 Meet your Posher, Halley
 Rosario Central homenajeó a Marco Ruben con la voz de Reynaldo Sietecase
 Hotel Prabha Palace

* * *

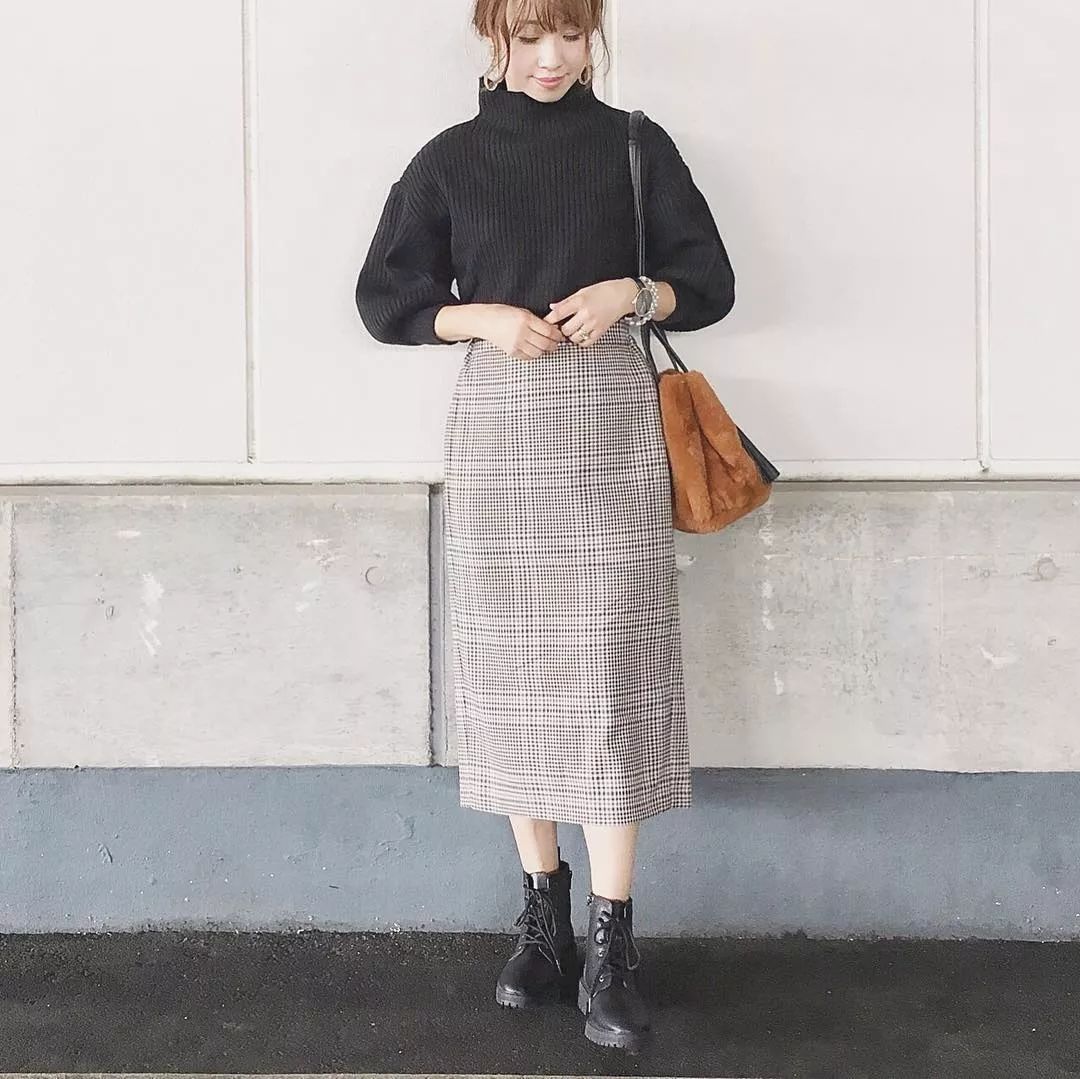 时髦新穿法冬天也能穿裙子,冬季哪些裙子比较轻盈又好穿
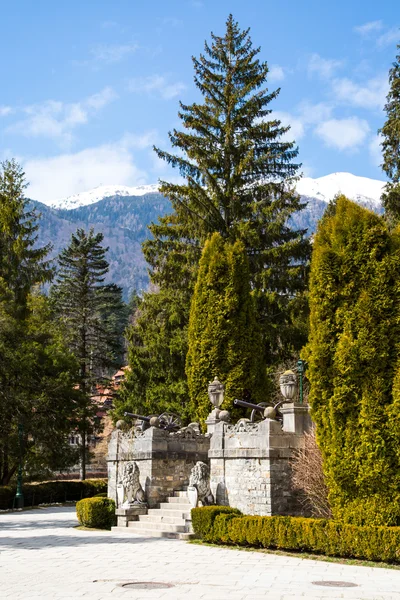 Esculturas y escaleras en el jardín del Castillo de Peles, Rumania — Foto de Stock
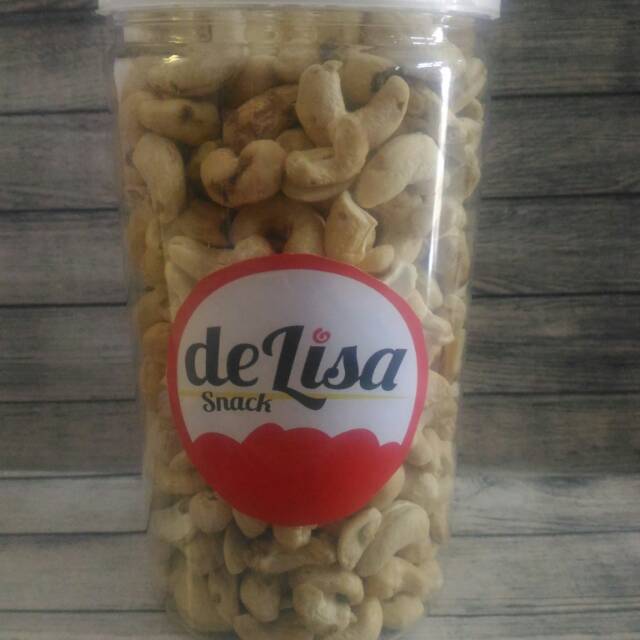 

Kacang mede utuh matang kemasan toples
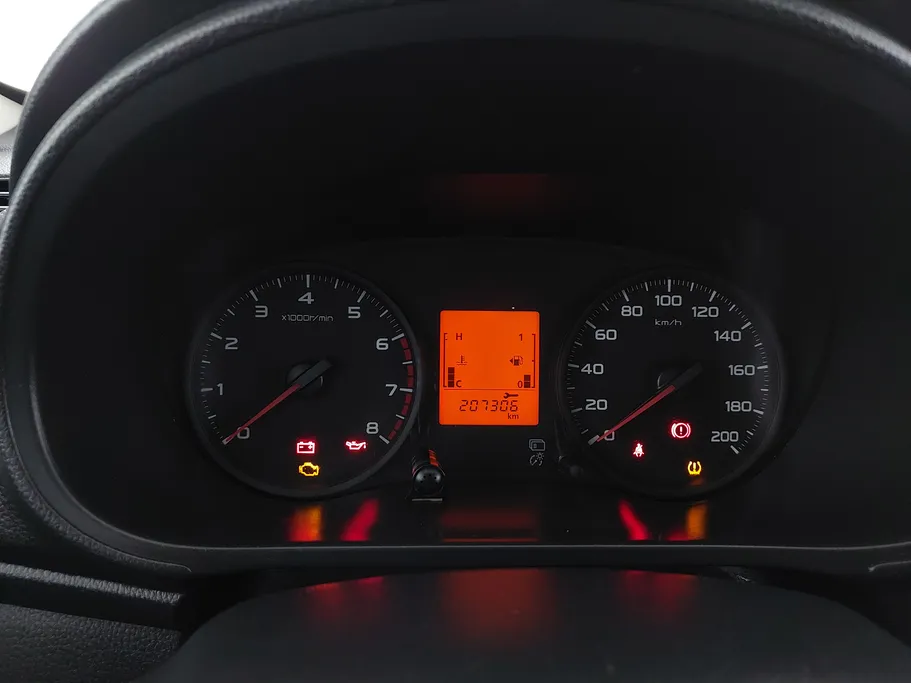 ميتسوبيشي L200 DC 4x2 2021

- _Problem to solve_: Among the entries above, the lines between the ones containing "Meet your Posher, Halley" and "Hotel Prabha Palace", inclusive, are to be transcribed exactly. No other line is to be given.

- _Solution below_:
 Meet your Posher, Halley
 Rosario Central homenajeó a Marco Ruben con la voz de Reynaldo Sietecase
 Hotel Prabha Palace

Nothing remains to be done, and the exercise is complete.